What you will do => From the line that contains "Ponsel Android dan" to the final line of the entries, return every line exactly and leave out all others.

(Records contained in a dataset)
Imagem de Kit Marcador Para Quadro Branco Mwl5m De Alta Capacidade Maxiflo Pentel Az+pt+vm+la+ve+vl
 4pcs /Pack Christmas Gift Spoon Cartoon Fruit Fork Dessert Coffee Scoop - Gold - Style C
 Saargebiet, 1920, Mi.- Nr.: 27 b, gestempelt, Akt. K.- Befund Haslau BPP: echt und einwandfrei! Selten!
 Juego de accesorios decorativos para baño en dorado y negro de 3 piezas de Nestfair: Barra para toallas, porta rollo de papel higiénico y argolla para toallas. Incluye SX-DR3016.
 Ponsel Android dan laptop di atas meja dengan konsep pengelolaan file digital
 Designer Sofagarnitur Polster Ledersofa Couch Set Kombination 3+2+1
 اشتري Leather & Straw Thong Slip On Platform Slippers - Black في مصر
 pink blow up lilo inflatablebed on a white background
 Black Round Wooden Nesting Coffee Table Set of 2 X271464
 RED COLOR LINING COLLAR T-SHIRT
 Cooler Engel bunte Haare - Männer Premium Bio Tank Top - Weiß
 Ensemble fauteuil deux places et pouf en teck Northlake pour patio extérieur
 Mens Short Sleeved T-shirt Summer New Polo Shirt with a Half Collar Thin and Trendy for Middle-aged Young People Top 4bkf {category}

Completed task =>
 Ponsel Android dan laptop di atas meja dengan konsep pengelolaan file digital
 Designer Sofagarnitur Polster Ledersofa Couch Set Kombination 3+2+1
 اشتري Leather & Straw Thong Slip On Platform Slippers - Black في مصر
 pink blow up lilo inflatablebed on a white background
 Black Round Wooden Nesting Coffee Table Set of 2 X271464
 RED COLOR LINING COLLAR T-SHIRT
 Cooler Engel bunte Haare - Männer Premium Bio Tank Top - Weiß
 Ensemble fauteuil deux places et pouf en teck Northlake pour patio extérieur
 Mens Short Sleeved T-shirt Summer New Polo Shirt with a Half Collar Thin and Trendy for Middle-aged Young People Top 4bkf {category}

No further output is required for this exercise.